=== Section Start ===

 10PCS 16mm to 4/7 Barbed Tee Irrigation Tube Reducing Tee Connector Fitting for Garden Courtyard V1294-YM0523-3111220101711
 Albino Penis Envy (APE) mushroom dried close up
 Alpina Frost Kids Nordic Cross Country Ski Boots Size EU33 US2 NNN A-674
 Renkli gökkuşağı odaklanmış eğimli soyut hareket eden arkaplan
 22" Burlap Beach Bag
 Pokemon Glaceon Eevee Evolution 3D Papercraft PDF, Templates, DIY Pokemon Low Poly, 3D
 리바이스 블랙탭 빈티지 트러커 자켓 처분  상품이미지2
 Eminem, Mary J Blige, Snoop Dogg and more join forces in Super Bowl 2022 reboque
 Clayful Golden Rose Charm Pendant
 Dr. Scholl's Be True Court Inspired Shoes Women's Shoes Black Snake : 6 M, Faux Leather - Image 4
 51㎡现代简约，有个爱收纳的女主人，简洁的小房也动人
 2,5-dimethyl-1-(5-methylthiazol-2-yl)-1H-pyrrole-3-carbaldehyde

=== Section End ===

■ Task
Output the records in full. Keep every character as it is.

■ Solution below
 10PCS 16mm to 4/7 Barbed Tee Irrigation Tube Reducing Tee Connector Fitting for Garden Courtyard V1294-YM0523-3111220101711
 Albino Penis Envy (APE) mushroom dried close up
 Alpina Frost Kids Nordic Cross Country Ski Boots Size EU33 US2 NNN A-674
 Renkli gökkuşağı odaklanmış eğimli soyut hareket eden arkaplan
 22" Burlap Beach Bag
 Pokemon Glaceon Eevee Evolution 3D Papercraft PDF, Templates, DIY Pokemon Low Poly, 3D
 리바이스 블랙탭 빈티지 트러커 자켓 처분  상품이미지2
 Eminem, Mary J Blige, Snoop Dogg and more join forces in Super Bowl 2022 reboque
 Clayful Golden Rose Charm Pendant
 Dr. Scholl's Be True Court Inspired Shoes Women's Shoes Black Snake : 6 M, Faux Leather - Image 4
 51㎡现代简约，有个爱收纳的女主人，简洁的小房也动人
 2,5-dimethyl-1-(5-methylthiazol-2-yl)-1H-pyrrole-3-carbaldehyde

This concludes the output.